**Collected data:**
○ ○ ○ ○ ○ ○ ○

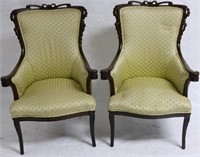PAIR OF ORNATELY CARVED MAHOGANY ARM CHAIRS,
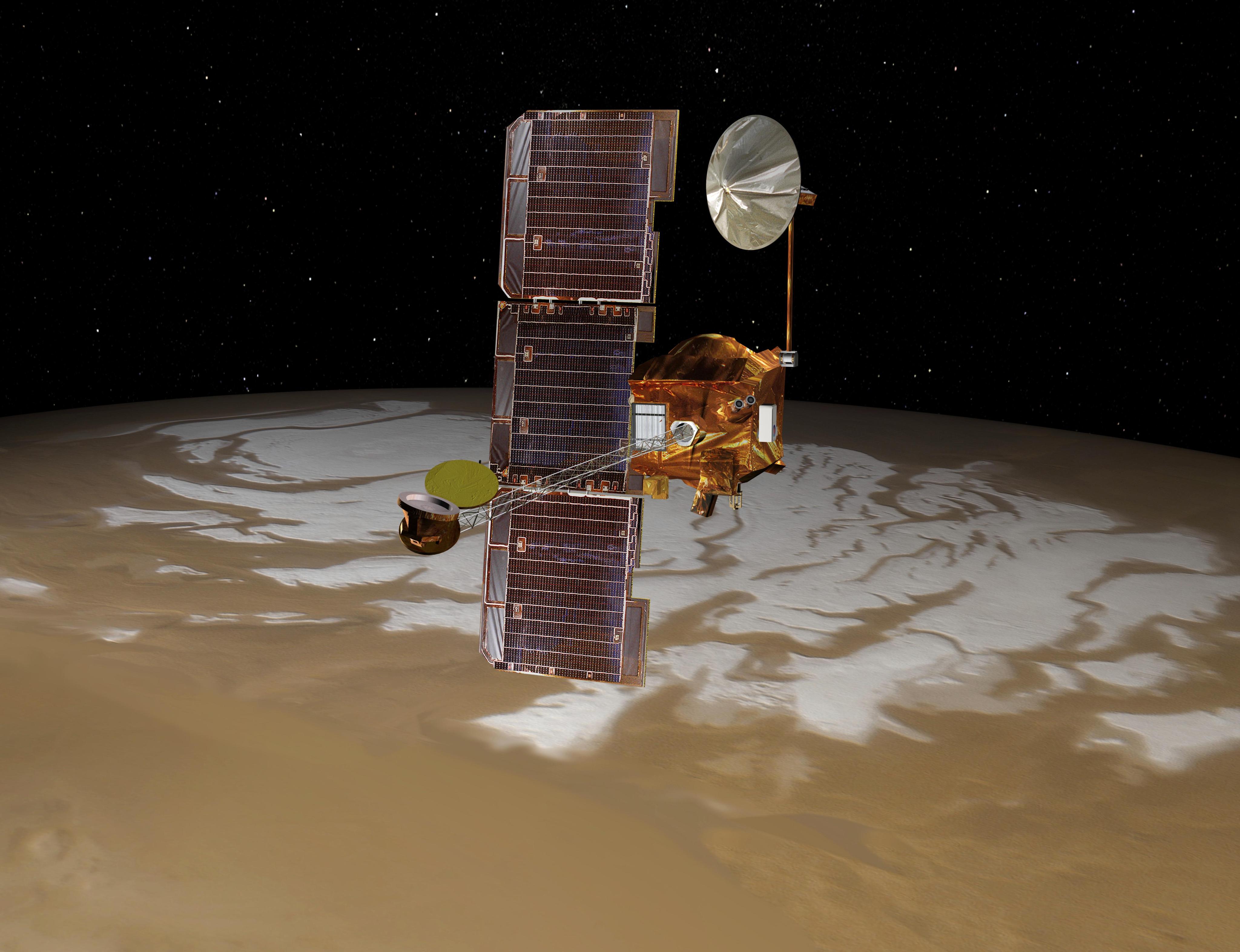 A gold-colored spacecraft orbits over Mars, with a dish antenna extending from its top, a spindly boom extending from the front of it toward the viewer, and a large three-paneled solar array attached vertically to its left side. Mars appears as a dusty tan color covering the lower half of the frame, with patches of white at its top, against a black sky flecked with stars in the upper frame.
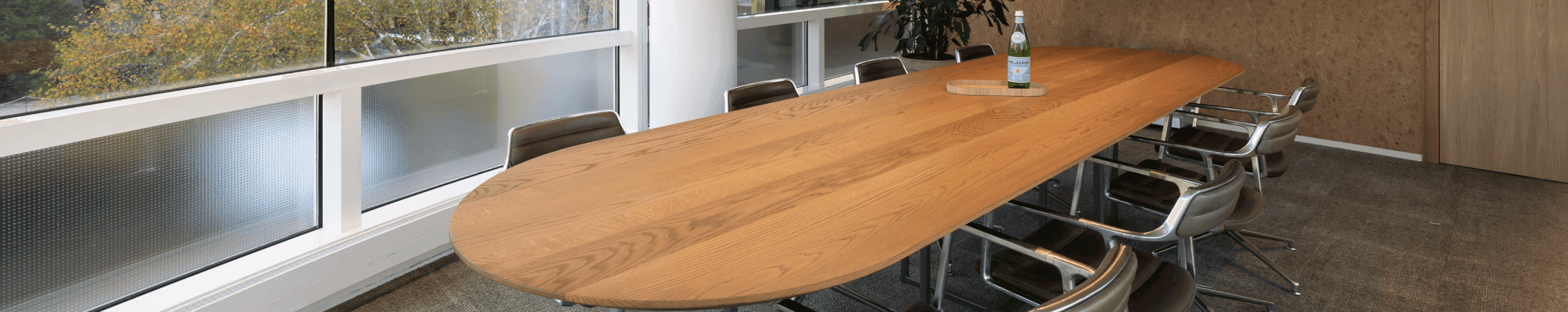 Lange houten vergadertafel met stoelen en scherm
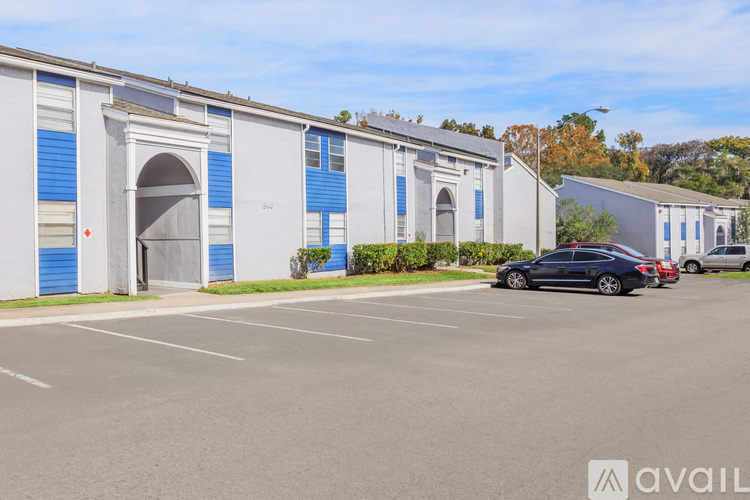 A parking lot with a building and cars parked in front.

○ ○ ○ ○ ○ ○ ○

**Exercise:** Word for word, return the material, omitting the pictures.

**Answer to the problem:**
PAIR OF ORNATELY CARVED MAHOGANY ARM CHAIRS,
 A gold-colored spacecraft orbits over Mars, with a dish antenna extending from its top, a spindly boom extending from the front of it toward the viewer, and a large three-paneled solar array attached vertically to its left side. Mars appears as a dusty tan color covering the lower half of the frame, with patches of white at its top, against a black sky flecked with stars in the upper frame.
 Lange houten vergadertafel met stoelen en scherm
 A parking lot with a building and cars parked in front.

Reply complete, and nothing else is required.